When doing database development disk space is not your consideration. Disk space is cheap. The problem is the size of the data table, and how that affects performance. I'm going to use some SQL Server parlance here, because I do not know what backend Blizzard is using (likely Orcale but who knows).
A database stores data in chunks, referred to as pages. The size of the chunks will vary from vendor to vendor. For SQL it is 8k. Whenever you access data, a page is pulled from memory if it cached, or disk if it is not. The number of pages that make up the table directly affects how fast you can access it.
Now, take the example 1024 bytes per row. That is a little under 7 rows per page. Take Blizzard's approach. If they use a lookup table with a character ID and an item ID (seems the most likely approach) that is 124 bytes. Less if they use unsigned 32-bit integer values.

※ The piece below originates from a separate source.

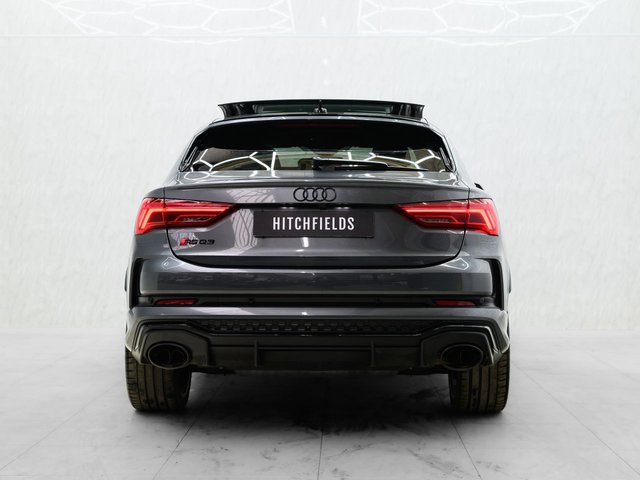 2022 AUDI RS Q3 - Photo 11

The smaller they keep the rows, the more rows they can fit per data page, which means fewer page reads to fetch the data. It could also mean -- with a sufficiently beefy server -- that most if not all of the data could remain in memory. This is critical, as accessing data in RAM is hundreds if not thousands of times faster than accessing it from disk.
Now, you could index the table, likely clustered on the character ID. But if you have 1024 bytes of data then you start to get frequent page splits. Page splits murder performance. The more rows you can stick in a page, the less likely it will be to split, and the faster read/write operations will perform.
So yeah, sounds easy, but trust me, it ain't. Especially considering this is a game, and any kind of response time greater than one to two seconds is going to be considered a fail.